Em agosto de 2015, uma festa com toda ‘pompa e circunstância’ falava do passado glorioso do Complexo Vera Cruz e prometia um futuro promissor. Na ocasião, o diretor comercial da empresa, Fernando Fontes, disse ao Diário que as obras começariam ainda naquele ano e que a primeira entrega a ser feita era a do Centro Cultural, com teatro e cinema, além de alguma estrutura dos estúdios. Mais de um ano se passou e nada saiu do papel.

Conforme afirma no site oficial, a empresa tem cinco anos a contar da assinatura – agora três e meio – para implementar o projeto de revitalização que, há meses, está nas mãos do Condephaat (Conselho de Defesa do Patrimônio Histórico, Arqueológico, Artístico e Turístico), ligado à secretaria de Cultura do Governo do Estado, porque o prédio é tombado. Consultado, o órgão estadual disse que aguarda documentação solicitada à Prefeitura para concluir a análise.

Morando não quer mais perder tempo. “Não vamos fazer nada à revelia da lei, mas não vamos permitir nenhuma benevolência que prejudique a cidade.
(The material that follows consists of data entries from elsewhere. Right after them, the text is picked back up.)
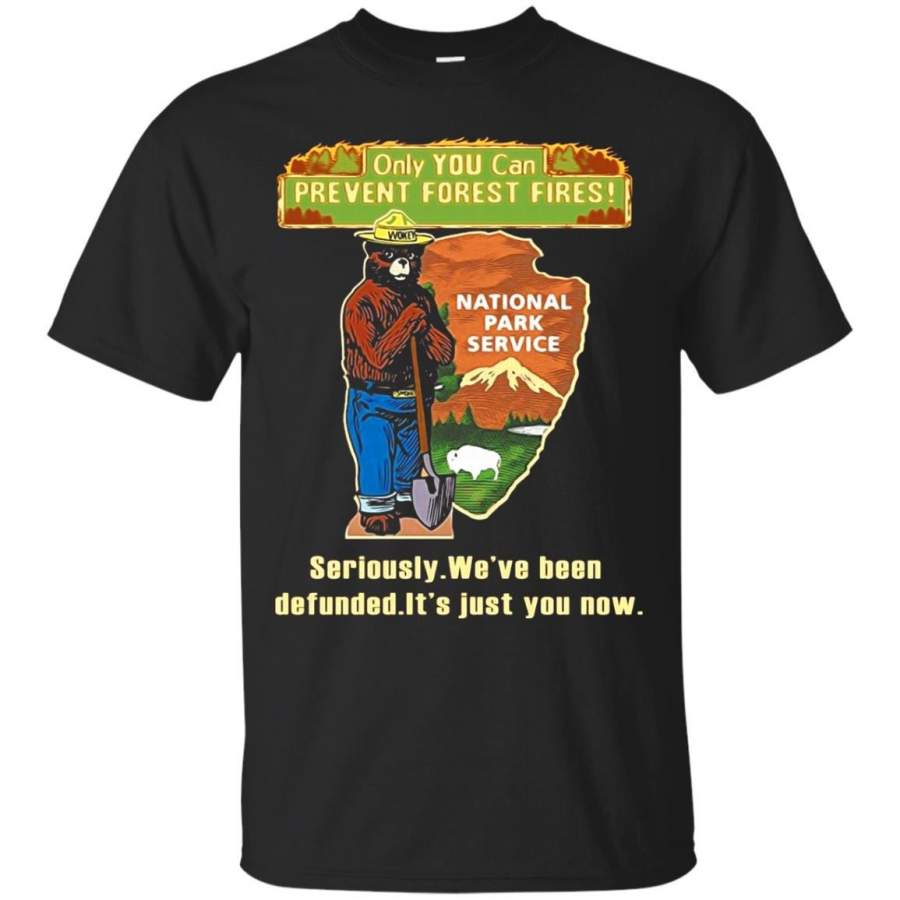 Seriously We’ve Been Defunded It’s Just You Now T-shirt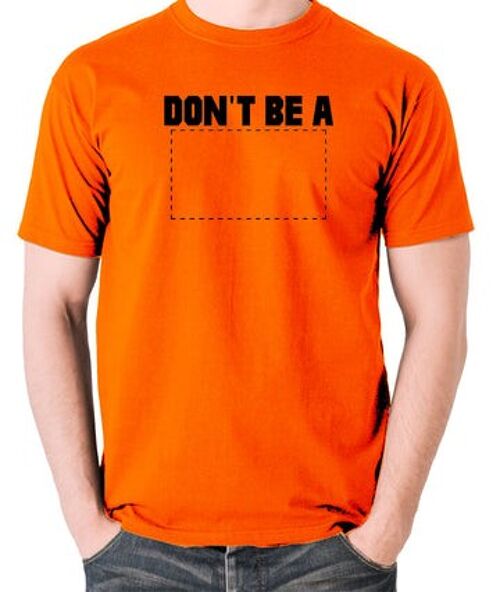 Pulp Fiction Inspired T Shirt - Don't Be A Square orange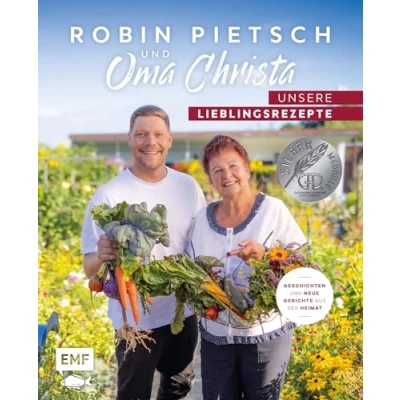 Abbildung von Robin Pietsch und Oma Christa Unsere Lieblingsrezepte: Geschichten neue Gerichte aus der Heimat
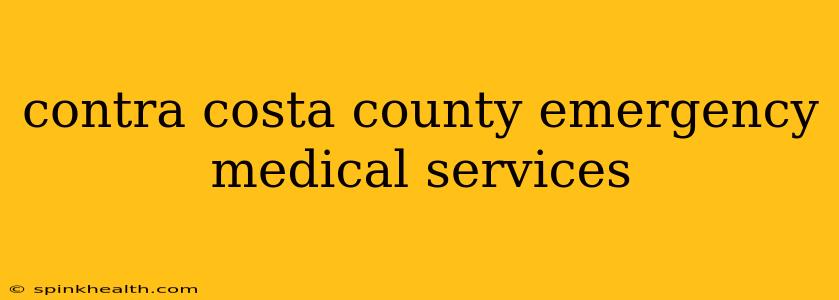 contra costa county emergency medical services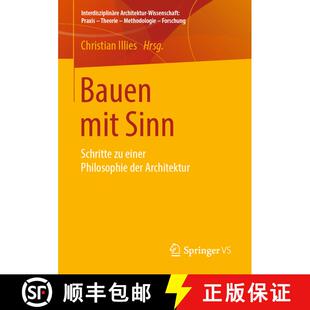 【3-4周达】Bauen mit Sinn : Schritte zu einer Philosophie der Architektur [9783658254889]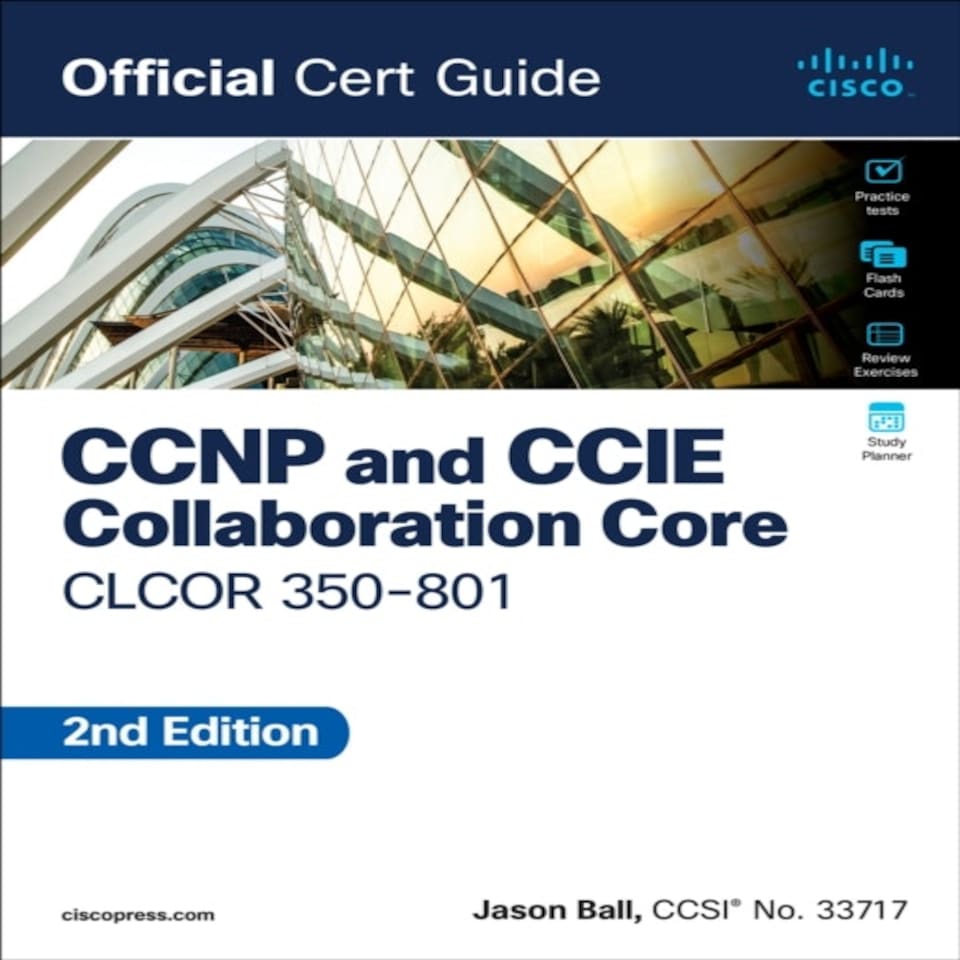 Ccnp And Ccie Collaboration Core Clcor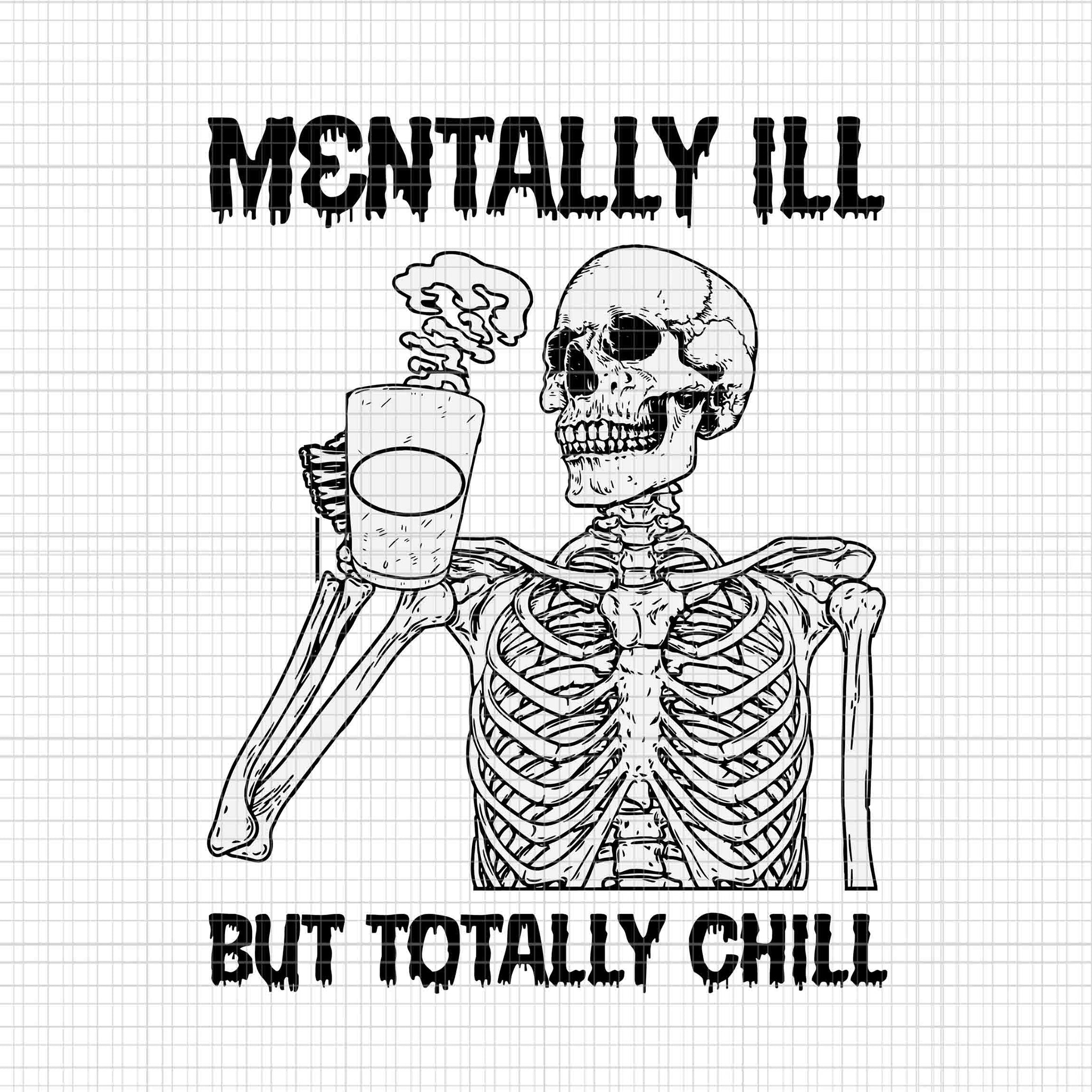 Mentally Ill But Totally Chill Skeleton Halloween Svg, Skeleton Halloween Svg, Halloween Svg, Skeleton Svg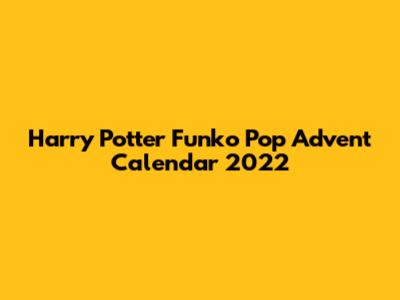 Harry Potter Funko Pop Advent Calendar 2022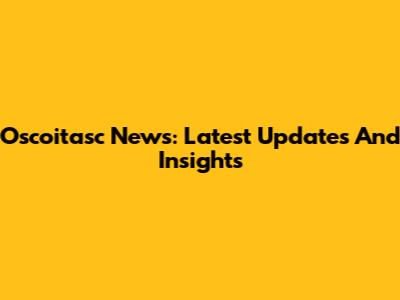 Oscoitasc News: Latest Updates And Insights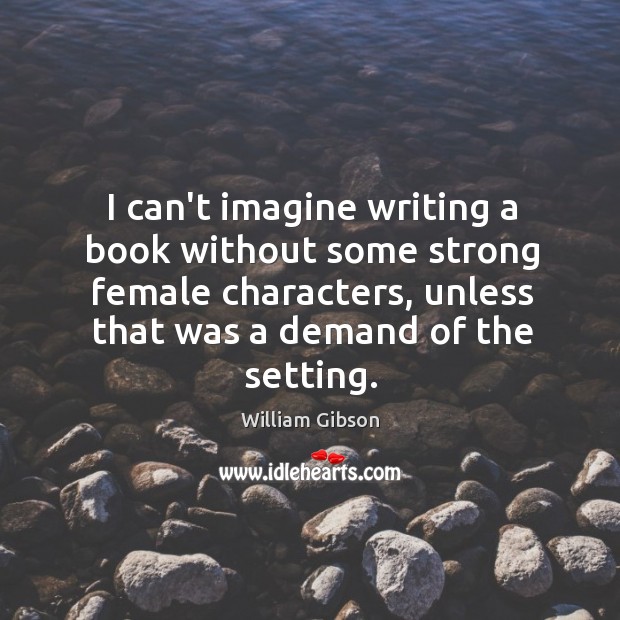 I can’t imagine writing a book without some strong female characters, unless 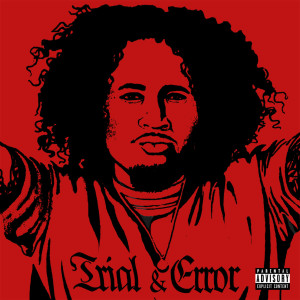 Album Trial & Error (Explicit) from 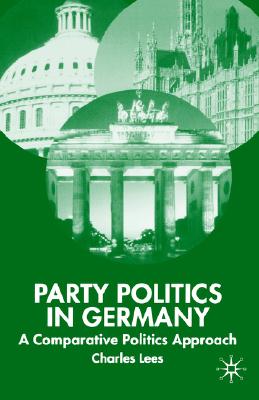 Party Politics in Germany: A Comparative Politics Approach (New Perspectives in German Political Studies)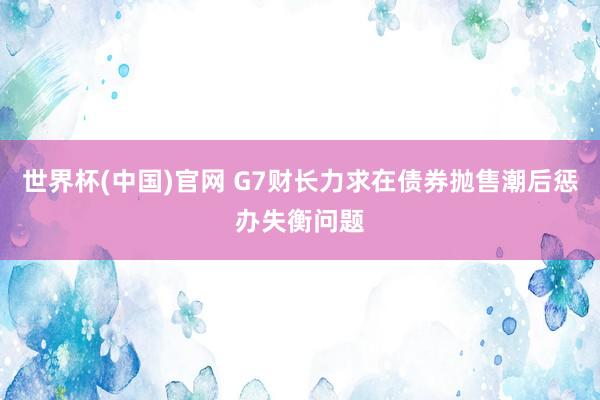 世界杯(中国)官网 G7财长力求在债券抛售潮后惩办失衡问题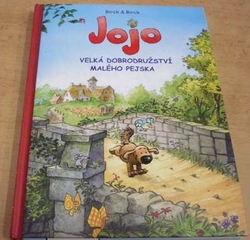 Bengt Birck - Jojo, velká dobrodružství malého pejska (2016)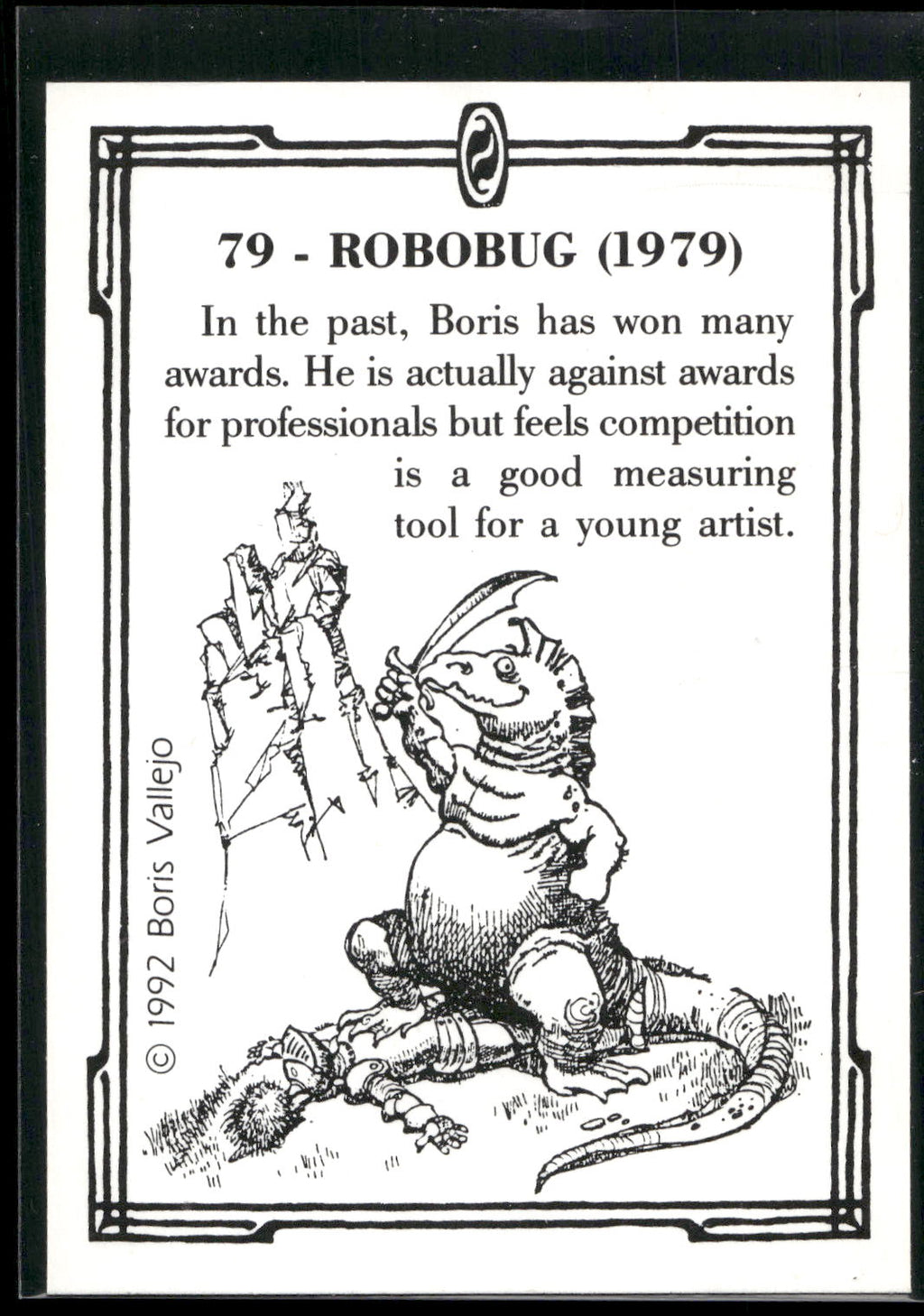 1992 Comic Images Boris Series 2: The Fantasy Continues #79 Robobug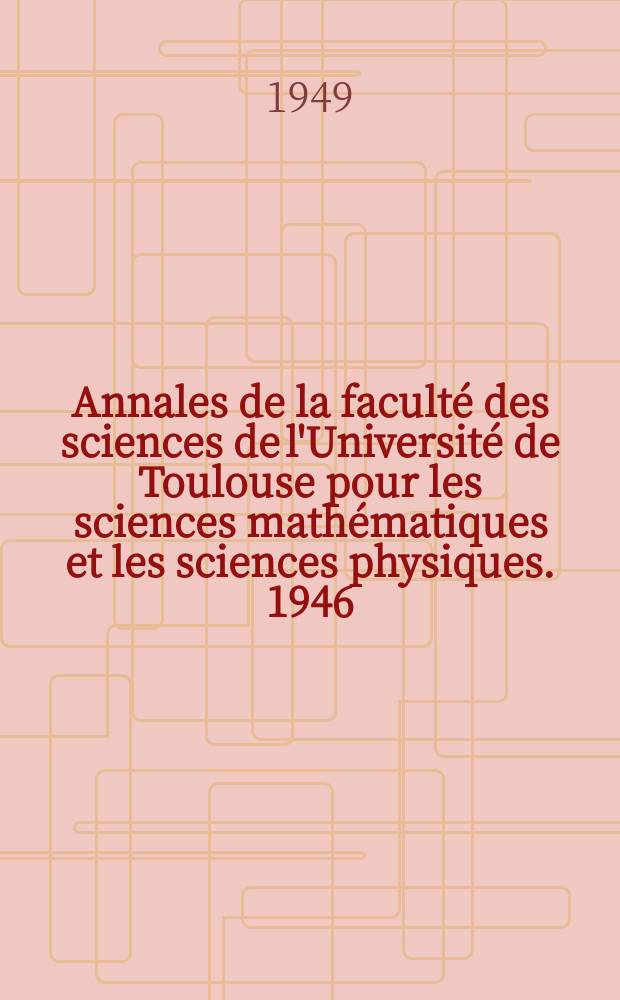Annales de la faculté des sciences de l'Université de Toulouse pour les sciences mathématiques et les sciences physiques. 1946
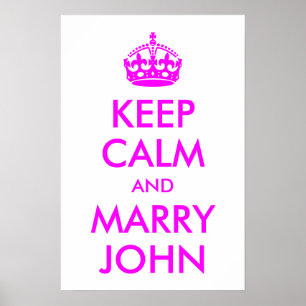 Bewahre Ruhe und heirate John Druck Poster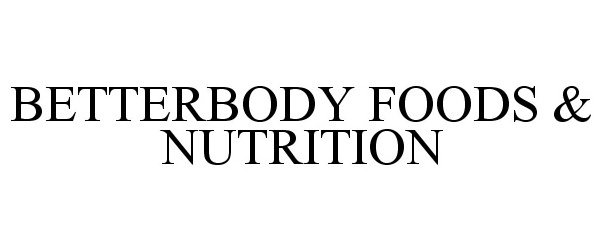  BETTERBODY FOODS &amp; NUTRITION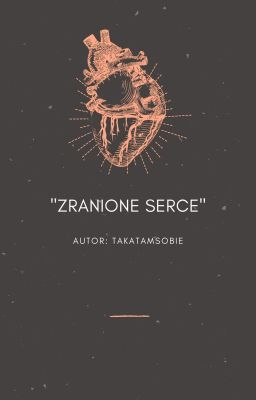 Zranione serce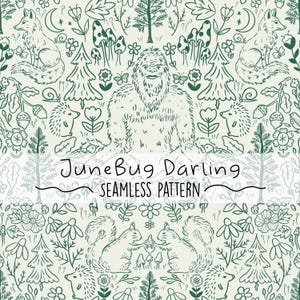 May include: A seamless pattern featuring dark green line art on a light background. The design includes a central sasquatch, foxes, squirrels, hedgehogs, pine trees, mushrooms, flowers, and acorns. The text JuneBug Darling SEAMLESS PATTERN is centered.
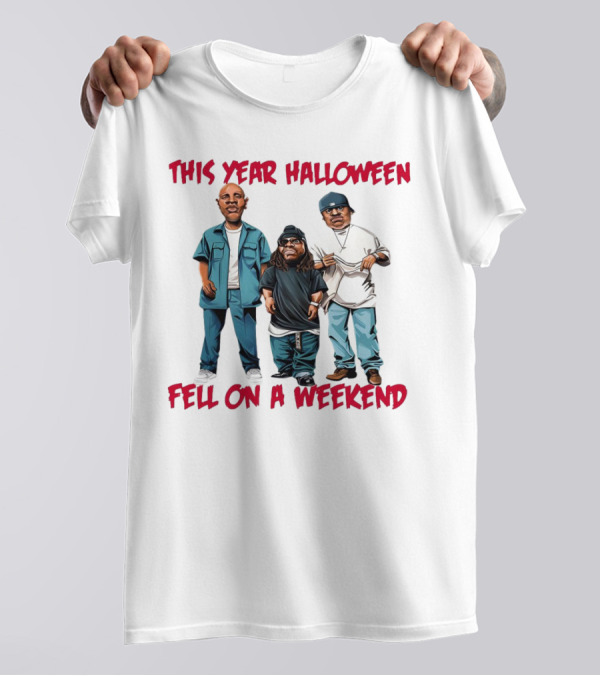 This Year Halloween Fell On A Weekend Trio In Hip-Hop T-Shirt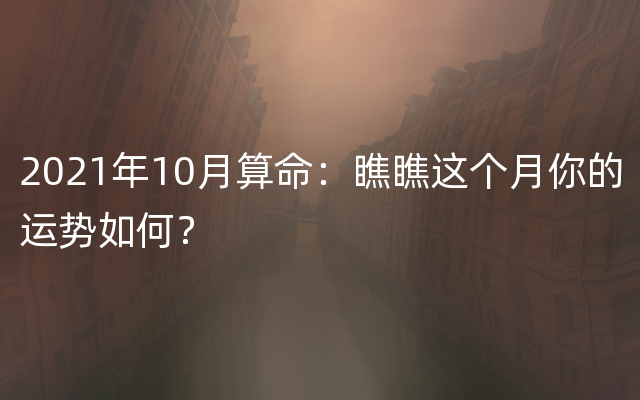 2021年10月算命：瞧瞧这个月你的运势如何？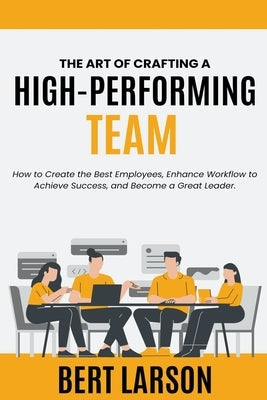 The Art of Crafting a High-Performing Team by Larson, Bert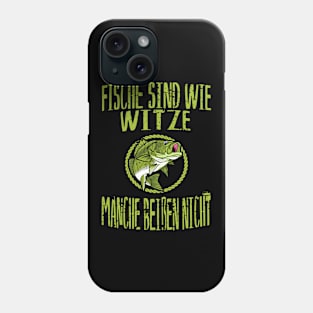 Fish Are Like Jokes, Some Don't Bite Phone Case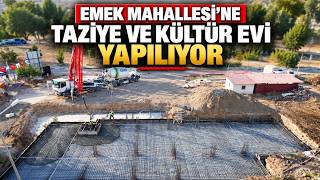 Emek Mahallesi’ne Taziye ve Kültür Evi Yapılıyor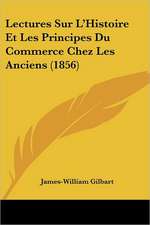 Lectures Sur L'Histoire Et Les Principes Du Commerce Chez Les Anciens (1856)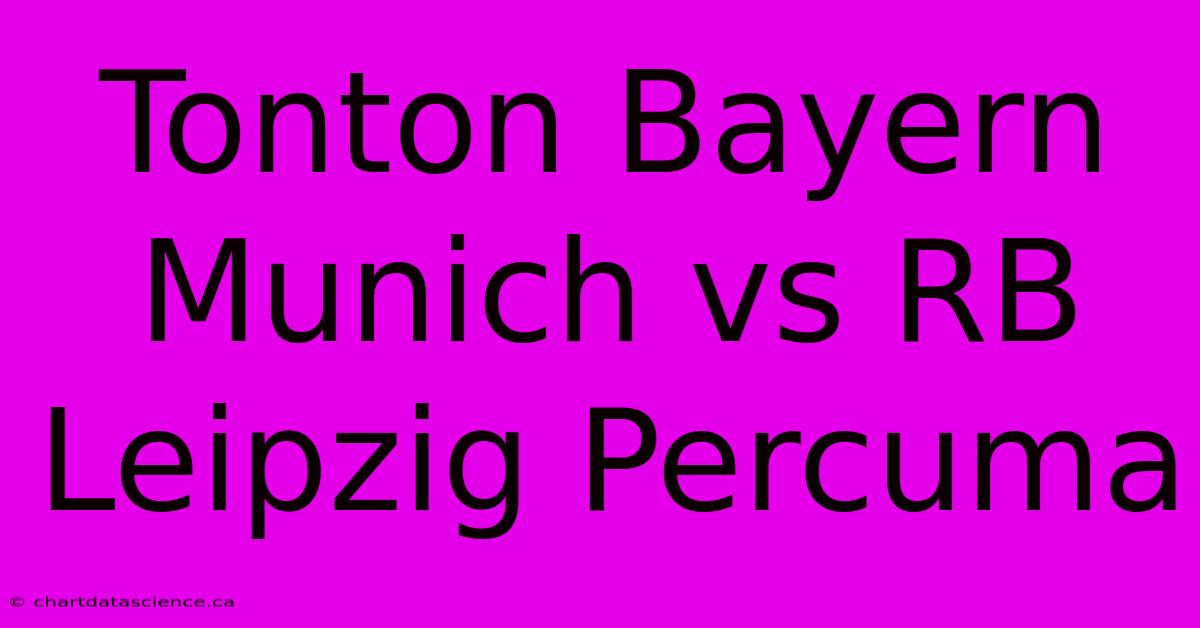 Tonton Bayern Munich Vs RB Leipzig Percuma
Vou exigir o direito que é da Prefeitura.” Não está nos seus planos, no entanto, colocar novamente à ativa o complexo nos moldes do que foi no passado. “Até pela tecnologia que tem hoje nos centros cinematográficos não sei se o Vera Cruz cumpriria mais este papel, de verdade. Ele não precisa perder sua característica cultural e histórica, mas é preciso fazer um estudo para ver qual a maior viabilidade para o espaço. Não adianta achar que vou ter um Projac (estúdios da Rede Globo no Rio de Janeiro) dentro do Vera Cruz, não vou conseguir. Temos de trabalhar dentro das possibilidades reais.”

Uma das saídas, acrescenta, é integrar o espaço à Cidade das Crianças que, segundo ele, necessita de ajustes. “A Cidade das Crianças precisa ser melhorada. Hoje ela não é mais o que foi no passado, uma referência. O mundo mudou. Precisa de coisas atraentes, tem de trabalhar em cima de realidade”, finaliza.

A Telem foi procurada pela reportagem mas, até o fechamento da edição, não havia retornado.